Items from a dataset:

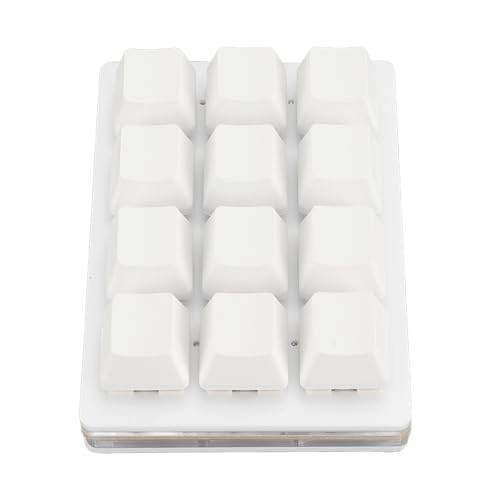 ayg9x6hmf0-11 - Wired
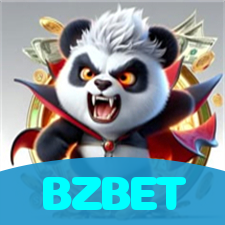 Login no BZBET
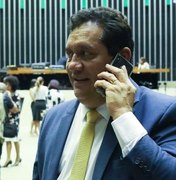 Severino Pessoa diz que Brasil deve retomar o crescimento após aprovação da Reforma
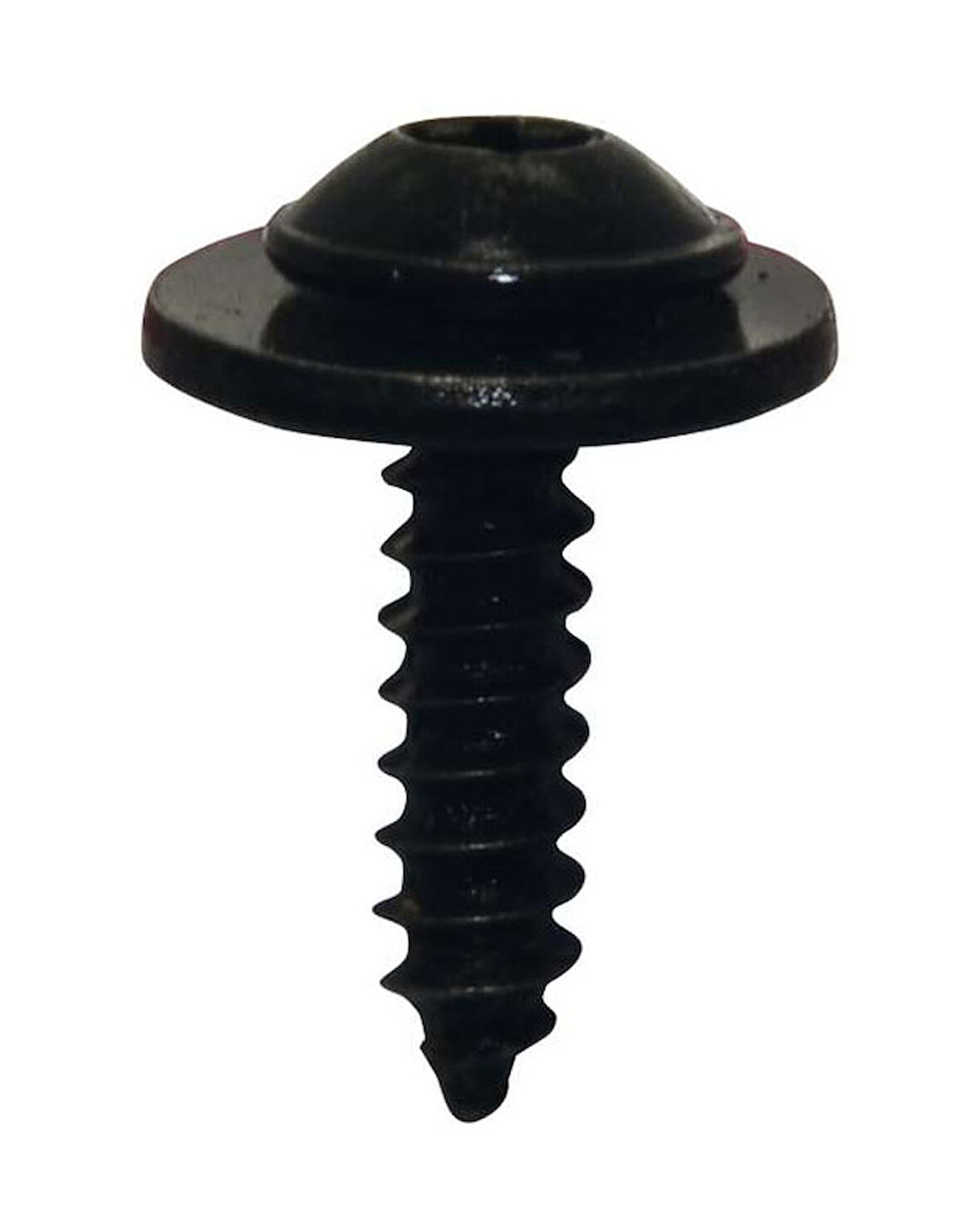 Torx Vida 4,2X17mm 7703016405 Renault Twingo Laguna 10 Adet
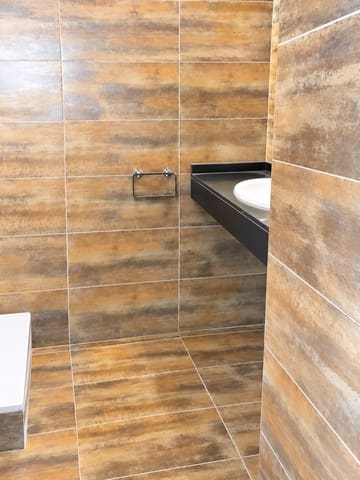 2 bedroom Townhouse for sale in Simancas, Madrid city with garage - € 410,000 (Ref: 10018268)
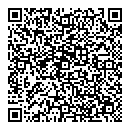 QR код "Kerama Marazzi"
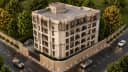 3 BHK Apartment at Ceebros Vedhagam — Photo 3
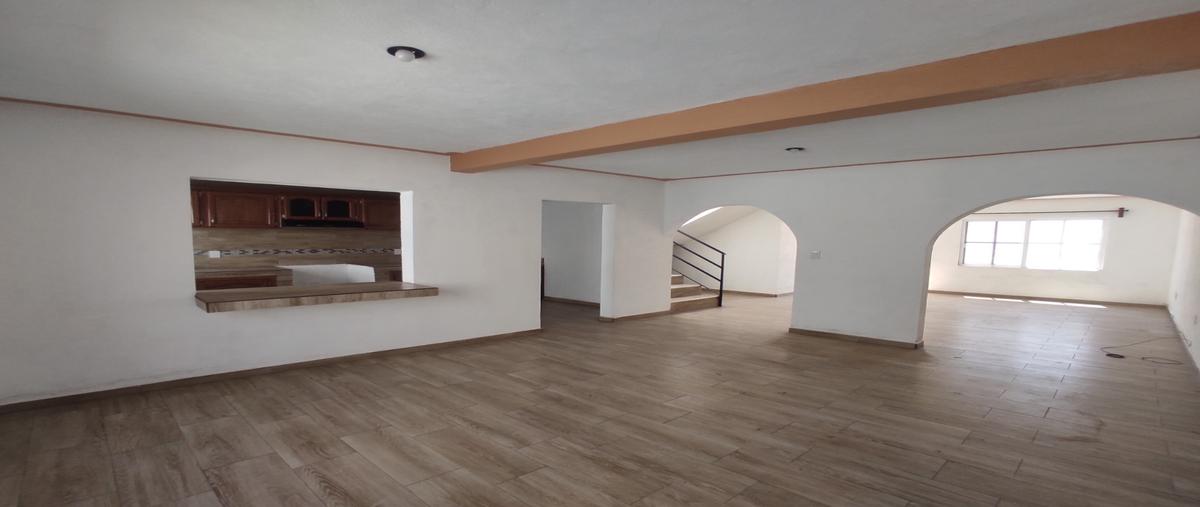 Foto de casa en , rancho de enmedio, san juan del río, querétaro, 27966678 foto 05 Foto de casa en renta en , rancho de enmedio, san juan del río, querétaro, 27966678 No. 05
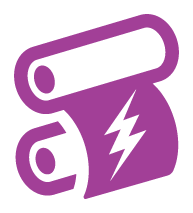 UCreate, XMPIE, XM Pie, Xerox, NW Imaging Analysts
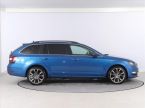 Škoda Octavia - fotka číslo 5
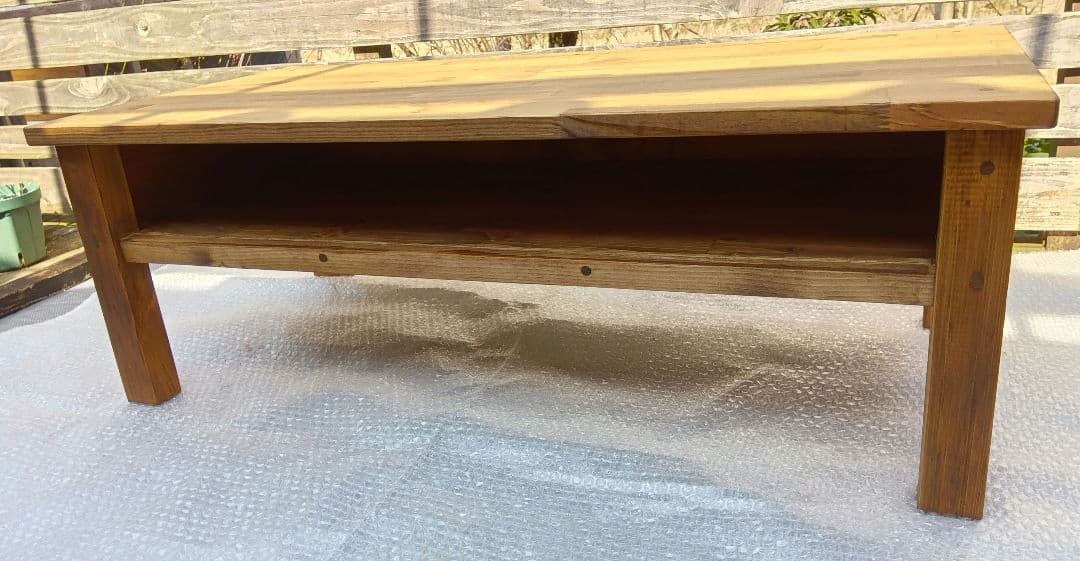 ひろみ様専用ご注文テーブル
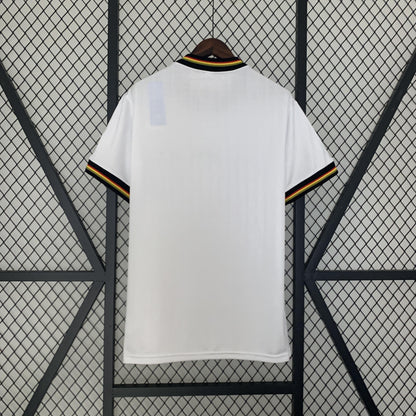 Germany 1996 Home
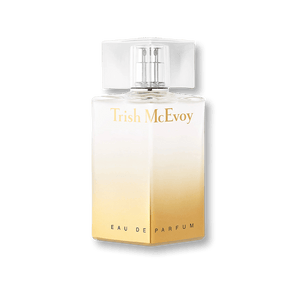 TRISH GOLD 9 UNISEX EDP 50ML - Al Himyan Perfumes | عطور هميان | Oud & Luxury Fragrances - Trish McEvoy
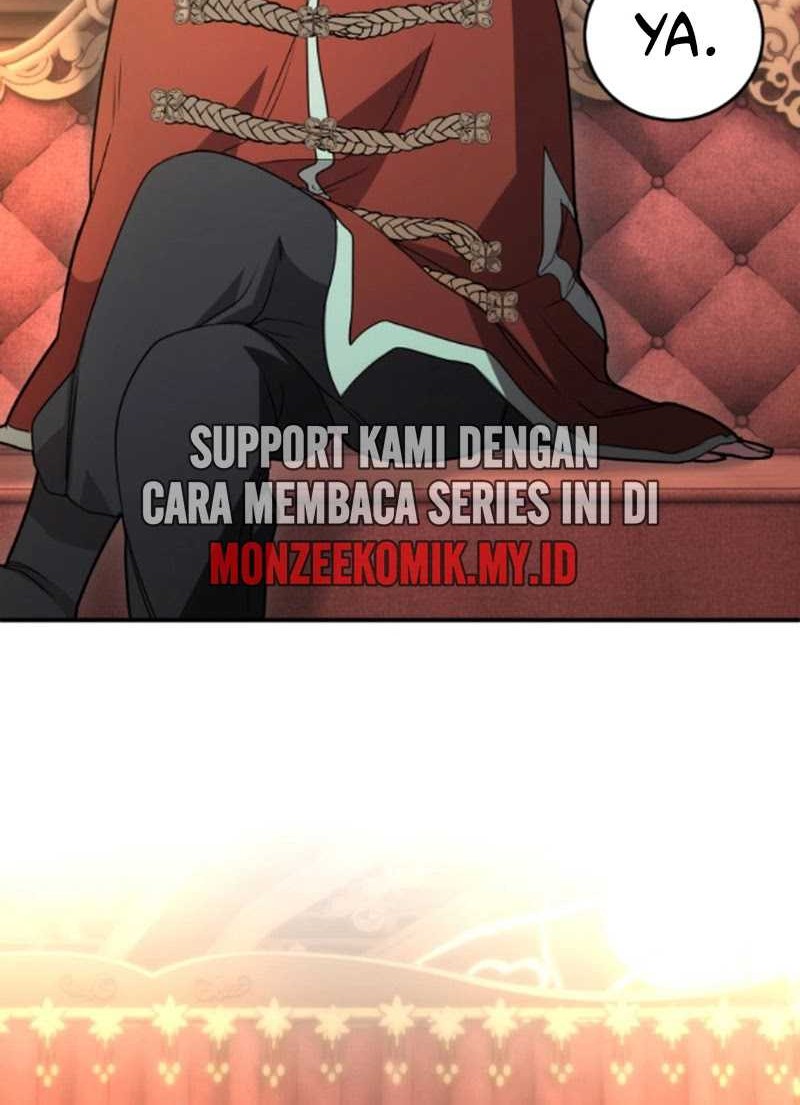 The Reversal of My Life as a Side Character Chapter 44 Gambar 30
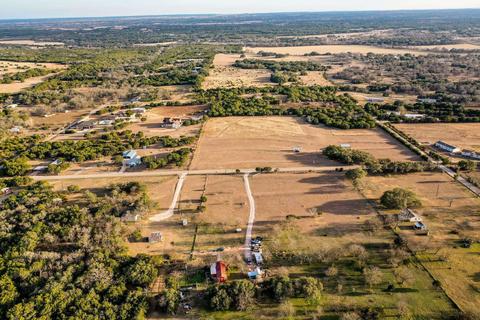 1355 Cr 304, Bertram, TX 78605 photo 24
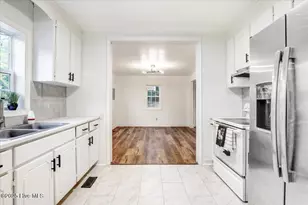 700 S Audubon Ave, Goldsboro, NC 27530 - Photo 24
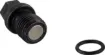 Engine Drain Plug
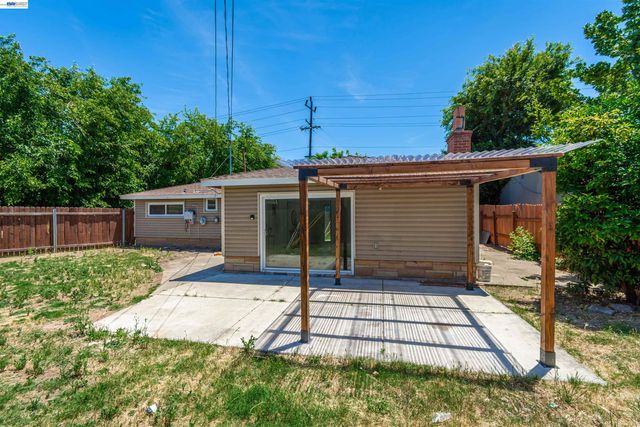 2257 Edison Avenue, Sacramento, CA 95821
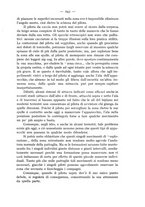 giornale/CFI0364270/1932/v.2/00000271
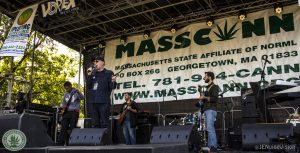 Boston Freedom Rally Schedule: Three Days Of Weed & Music | Freedom Leaf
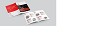 Catalouge Design Services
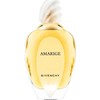 Givenchy Amarige EDT tualetinis vanduo moterims, 50 ml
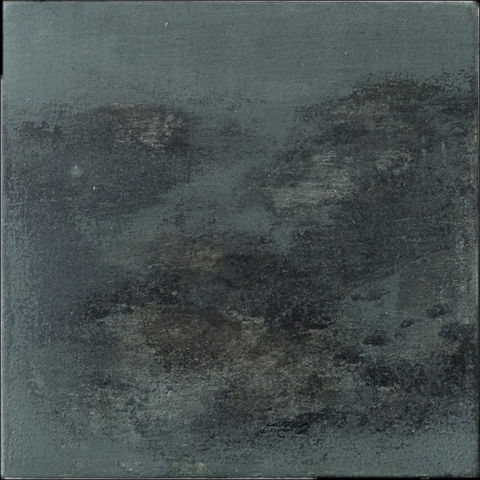 Penelope Deltour, D.142, 2025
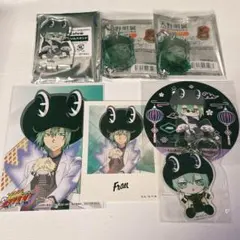 2026年最新】Reborn フランの人気アイテム - メルカリ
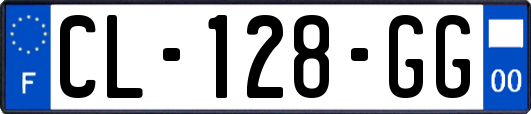 CL-128-GG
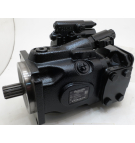 AL A10VO63EK1DS/53R-VSD62K15P-SO736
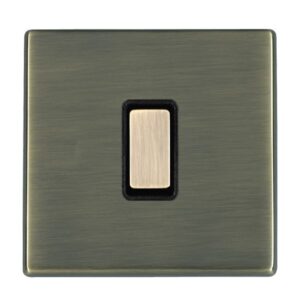 H-CFX AB 1g M-WayTouch Slave AB/BL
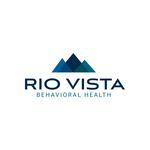 Rio Vista Behavioral Health Hospital Logo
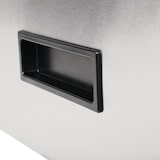 thumbnail of Buffalo Digitale Vakuumiermaschine 350W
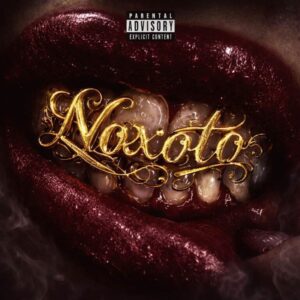 Noxolo Grootman Piano EP Download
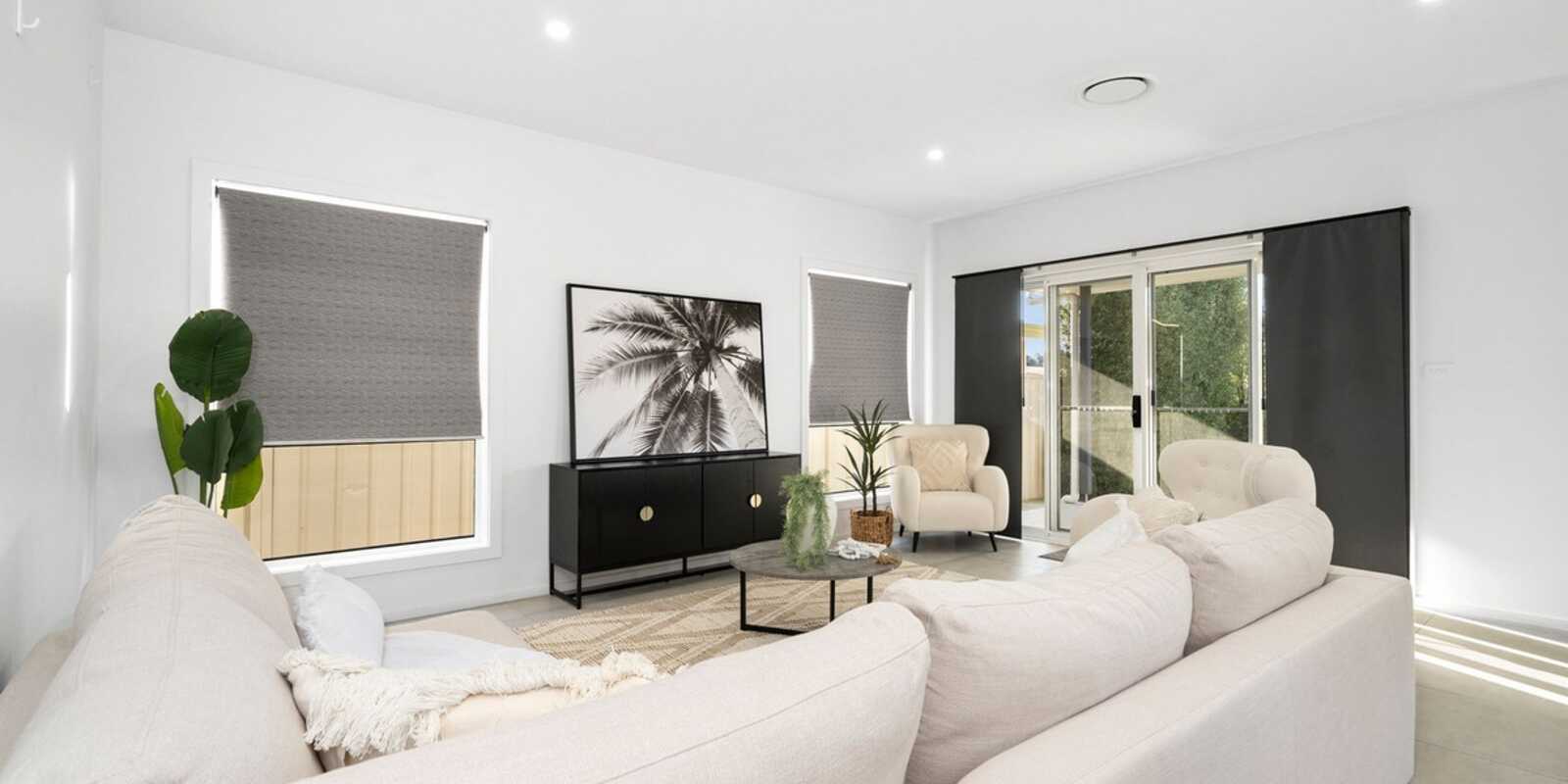 5a Straker Road Goulburn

Your instructions -> Every line above in the stretch from the one with "giornale/CFI0364270/1932/v.2/00000271" through the one with "H-CFX AB 1g M-WayTouch Slave AB/BL" is to be transcribed exactly, ends included. No picture is copied.

Exercise output ->
 giornale/CFI0364270/1932/v.2/00000271
 Boston Freedom Rally Schedule: Three Days Of Weed & Music | Freedom Leaf
 Catalouge Design Services
 Givenchy Amarige EDT tualetinis vanduo moterims, 50 ml
 Penelope Deltour, D.142, 2025
 2026年最新】Reborn フランの人気アイテム - メルカリ
 CL-128-GG
 AL A10VO63EK1DS/53R-VSD62K15P-SO736
 H-CFX AB 1g M-WayTouch Slave AB/BL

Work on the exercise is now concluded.